Work request → Both the line below containing "Cascabel Mono Mixer Tap Matt Black - Image 1" and the line containing "HYPER FREEDOM · 18 oct 25, 23:00", along with every line between them, should be repeated exactly; no other line belongs in the answer.

Web page caption snippets:
* * * * *
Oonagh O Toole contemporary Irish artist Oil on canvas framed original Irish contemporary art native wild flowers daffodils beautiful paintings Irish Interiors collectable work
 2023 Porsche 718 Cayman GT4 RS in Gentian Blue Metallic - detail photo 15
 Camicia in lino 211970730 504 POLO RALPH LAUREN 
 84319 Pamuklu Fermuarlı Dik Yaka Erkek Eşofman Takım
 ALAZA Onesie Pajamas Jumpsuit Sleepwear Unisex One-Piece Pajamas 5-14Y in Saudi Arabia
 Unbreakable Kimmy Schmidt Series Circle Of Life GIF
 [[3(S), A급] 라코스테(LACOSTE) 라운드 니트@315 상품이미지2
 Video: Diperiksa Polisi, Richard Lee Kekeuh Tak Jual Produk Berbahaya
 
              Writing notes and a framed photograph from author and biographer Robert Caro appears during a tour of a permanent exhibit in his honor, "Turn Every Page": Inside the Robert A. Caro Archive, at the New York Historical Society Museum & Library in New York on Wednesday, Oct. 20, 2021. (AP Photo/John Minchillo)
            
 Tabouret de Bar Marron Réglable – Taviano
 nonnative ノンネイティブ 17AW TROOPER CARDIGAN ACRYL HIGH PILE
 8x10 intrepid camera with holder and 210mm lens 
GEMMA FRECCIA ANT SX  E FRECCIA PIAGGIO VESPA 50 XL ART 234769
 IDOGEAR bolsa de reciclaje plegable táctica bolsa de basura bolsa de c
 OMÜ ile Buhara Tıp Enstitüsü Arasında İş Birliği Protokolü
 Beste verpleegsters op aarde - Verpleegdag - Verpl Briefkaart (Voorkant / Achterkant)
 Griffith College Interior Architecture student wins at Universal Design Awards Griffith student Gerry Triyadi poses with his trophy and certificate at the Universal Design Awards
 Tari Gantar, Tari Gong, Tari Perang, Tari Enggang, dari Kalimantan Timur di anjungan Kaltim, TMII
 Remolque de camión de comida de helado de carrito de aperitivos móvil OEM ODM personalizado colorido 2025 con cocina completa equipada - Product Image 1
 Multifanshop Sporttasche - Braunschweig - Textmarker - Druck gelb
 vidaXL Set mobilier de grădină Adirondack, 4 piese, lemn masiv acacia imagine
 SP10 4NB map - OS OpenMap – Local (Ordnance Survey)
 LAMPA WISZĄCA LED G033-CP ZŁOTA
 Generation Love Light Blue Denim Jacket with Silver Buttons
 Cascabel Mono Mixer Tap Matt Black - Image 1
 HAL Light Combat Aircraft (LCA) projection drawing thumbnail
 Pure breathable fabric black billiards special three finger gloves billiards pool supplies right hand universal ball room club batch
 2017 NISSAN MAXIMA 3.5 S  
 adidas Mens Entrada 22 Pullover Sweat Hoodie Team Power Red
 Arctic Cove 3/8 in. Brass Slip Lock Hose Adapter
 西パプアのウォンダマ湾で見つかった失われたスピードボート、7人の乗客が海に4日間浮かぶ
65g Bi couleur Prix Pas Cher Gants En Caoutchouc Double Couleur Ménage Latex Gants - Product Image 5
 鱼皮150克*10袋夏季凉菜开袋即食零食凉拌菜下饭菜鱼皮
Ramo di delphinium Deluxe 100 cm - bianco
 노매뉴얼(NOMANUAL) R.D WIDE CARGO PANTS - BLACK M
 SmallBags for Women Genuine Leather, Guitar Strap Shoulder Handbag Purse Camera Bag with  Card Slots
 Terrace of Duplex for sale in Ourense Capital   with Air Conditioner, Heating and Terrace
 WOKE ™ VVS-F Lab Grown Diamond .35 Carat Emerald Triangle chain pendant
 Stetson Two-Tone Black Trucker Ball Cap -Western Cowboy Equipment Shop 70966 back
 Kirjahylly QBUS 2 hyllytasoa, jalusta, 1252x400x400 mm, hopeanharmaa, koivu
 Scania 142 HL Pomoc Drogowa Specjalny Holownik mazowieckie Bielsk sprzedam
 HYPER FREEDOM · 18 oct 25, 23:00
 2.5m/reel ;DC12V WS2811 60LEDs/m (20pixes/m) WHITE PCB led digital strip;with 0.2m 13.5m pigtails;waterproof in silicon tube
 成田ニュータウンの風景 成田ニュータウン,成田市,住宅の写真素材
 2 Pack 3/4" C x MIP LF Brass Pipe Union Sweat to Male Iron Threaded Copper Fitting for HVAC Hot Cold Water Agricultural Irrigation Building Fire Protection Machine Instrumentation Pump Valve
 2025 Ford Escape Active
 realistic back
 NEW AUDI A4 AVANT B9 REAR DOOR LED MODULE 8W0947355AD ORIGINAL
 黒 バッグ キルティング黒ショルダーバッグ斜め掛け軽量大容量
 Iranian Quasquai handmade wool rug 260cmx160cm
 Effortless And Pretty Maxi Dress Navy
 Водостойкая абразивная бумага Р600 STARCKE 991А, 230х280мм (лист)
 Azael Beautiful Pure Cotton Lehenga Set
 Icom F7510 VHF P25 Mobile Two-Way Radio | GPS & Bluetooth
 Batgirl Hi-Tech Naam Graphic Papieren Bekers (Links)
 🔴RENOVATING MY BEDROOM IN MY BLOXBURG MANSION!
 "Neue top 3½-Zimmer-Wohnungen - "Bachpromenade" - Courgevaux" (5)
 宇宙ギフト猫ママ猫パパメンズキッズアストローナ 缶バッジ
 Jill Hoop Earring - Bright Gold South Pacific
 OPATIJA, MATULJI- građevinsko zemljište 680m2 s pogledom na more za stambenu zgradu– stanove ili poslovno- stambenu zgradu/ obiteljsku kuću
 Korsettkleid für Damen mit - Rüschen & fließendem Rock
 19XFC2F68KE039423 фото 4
* * * * *
Solution to the problem →
 Cascabel Mono Mixer Tap Matt Black - Image 1
 HAL Light Combat Aircraft (LCA) projection drawing thumbnail
 Pure breathable fabric black billiards special three finger gloves billiards pool supplies right hand universal ball room club batch
 2017 NISSAN MAXIMA 3.5 S  
 adidas Mens Entrada 22 Pullover Sweat Hoodie Team Power Red
 Arctic Cove 3/8 in. Brass Slip Lock Hose Adapter
 西パプアのウォンダマ湾で見つかった失われたスピードボート、7人の乗客が海に4日間浮かぶ
65g Bi couleur Prix Pas Cher Gants En Caoutchouc Double Couleur Ménage Latex Gants - Product Image 5
 鱼皮150克*10袋夏季凉菜开袋即食零食凉拌菜下饭菜鱼皮
Ramo di delphinium Deluxe 100 cm - bianco
 노매뉴얼(NOMANUAL) R.D WIDE CARGO PANTS - BLACK M
 SmallBags for Women Genuine Leather, Guitar Strap Shoulder Handbag Purse Camera Bag with  Card Slots
 Terrace of Duplex for sale in Ourense Capital   with Air Conditioner, Heating and Terrace
 WOKE ™ VVS-F Lab Grown Diamond .35 Carat Emerald Triangle chain pendant
 Stetson Two-Tone Black Trucker Ball Cap -Western Cowboy Equipment Shop 70966 back
 Kirjahylly QBUS 2 hyllytasoa, jalusta, 1252x400x400 mm, hopeanharmaa, koivu
 Scania 142 HL Pomoc Drogowa Specjalny Holownik mazowieckie Bielsk sprzedam
 HYPER FREEDOM · 18 oct 25, 23:00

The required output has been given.